Todo esto tiene un problema. No se hallaban haciendo la instrucción en el patio de armas de una academia militar. Se encontraban sobre un terreno desigual, en medio de un estrépito ensordecedor, probablemente rodeados de nubes de polvo y acosados por los enemigos, que no tenían la cortesía de decirles: «Replegaos tranquilos, que nos quedamos esperando a vuestros colegas».

La solución que propone el autor J.E. Lendon y que desarrolla más el experto español Fernando Quesada es la que muestra la imagen de la página siguiente.

La formación de estas líneas, como se ve, es mucho más laxa. En la parte inferior están los velites. Detrás de ellos hay tres manípulos de astados. Cada uno de ellos lleva dos estandartes que se corresponden a dos centurias. Por detrás se encuentran los príncipes, y al final los manípulos de triarios, en formación mucho más cerrada.

El término que utiliza Lendon para los manípulos de astados y príncipes es blobs, algo así como «borrones», o nubes de legionarios agrupados alrededor de los estandartes, que se extendían y contraían como una ameba, pero sin separarse del resto de la unidad. (La metáfora de la ameba, que me parece muy acertada, es de Quesada).

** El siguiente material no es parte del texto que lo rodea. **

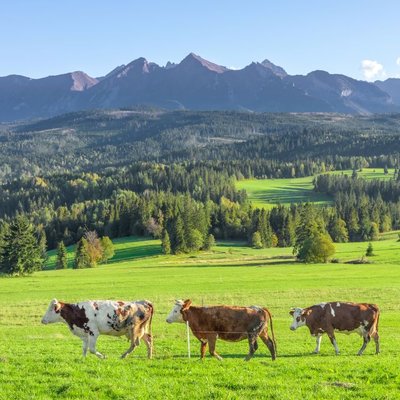 Allgäu-Landschaft mit grünen Wiesen und Alpenpanorama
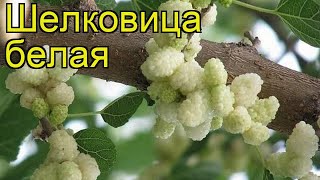 Шелковица белая (Шелковица белая). Краткий обзор, описание характеристик, где купить, саженцы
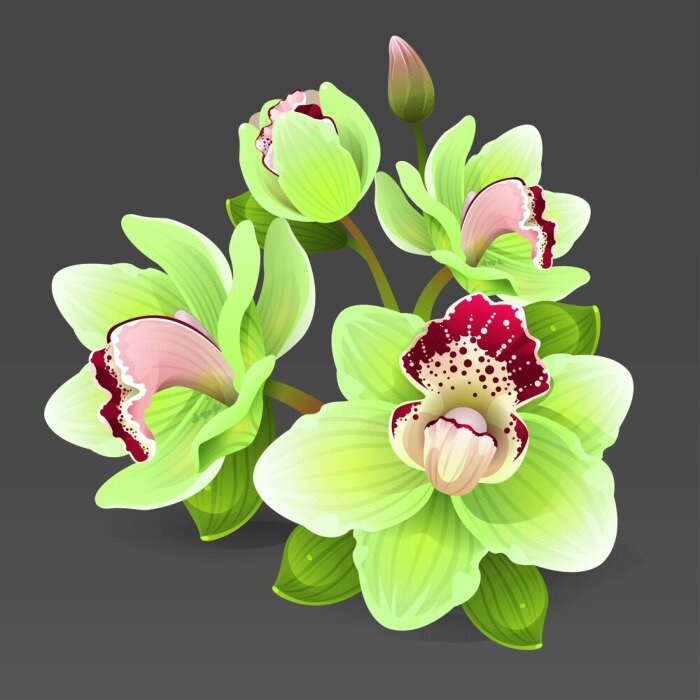 Sticker Illustration mit einer seladongrünen Orchidee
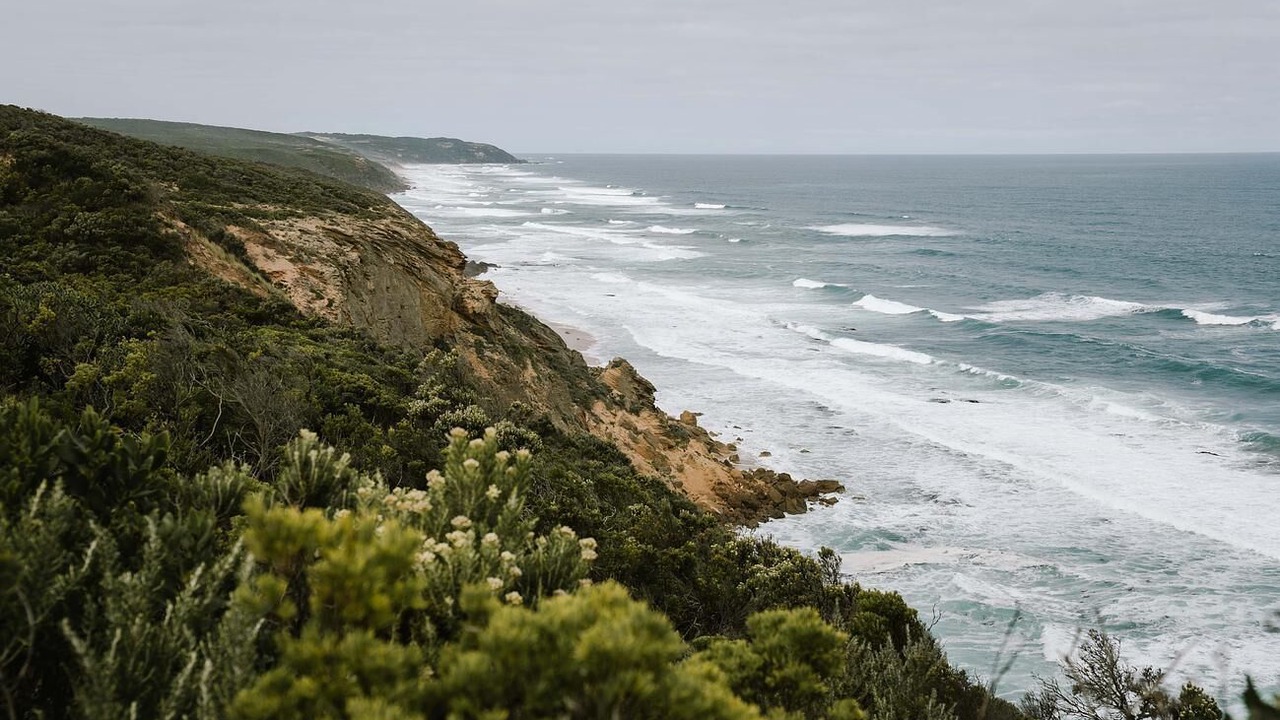 Photo of Others in Hordern Vale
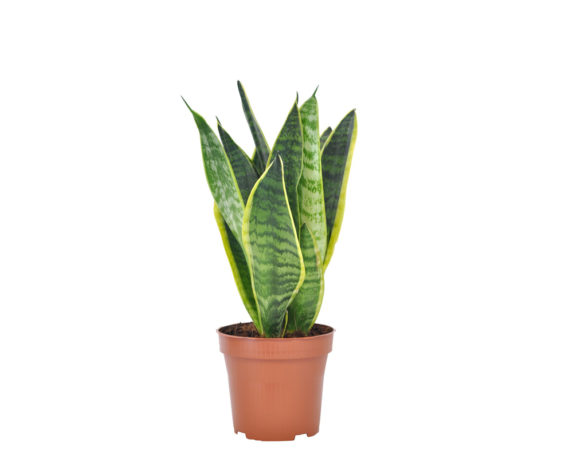 Sanseveria futura superba
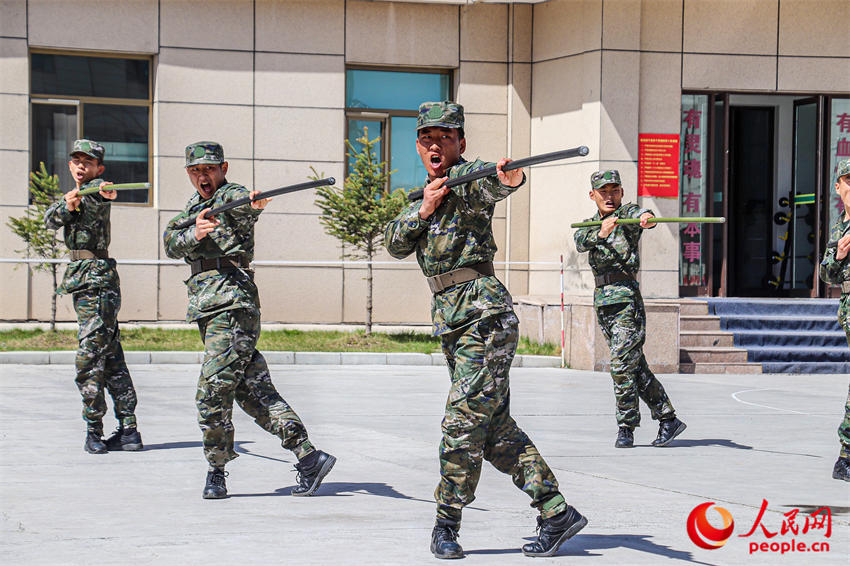 ����Ӧ������ѵ����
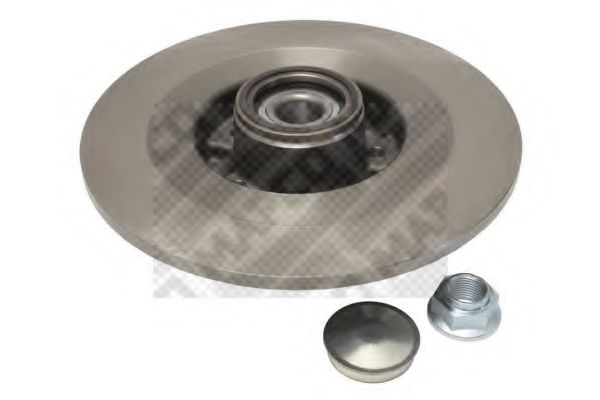 Disc frana 1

Una vez retirados los velites, los astados avanzaban y la ameba se expandía hacia los lados. Los soldados de los extremos tan sólo tenían que abrirse unos diez metros para juntarse con los del manípulo de al lado y cerrar filas. Por otra parte, éstas no tenían que ir tan rectas como en una falange de hoplitas griegas, pues cada legionario combatía de forma individual y no se veía obligado a cubrir a su compañero con la parte izquierda de su escudo.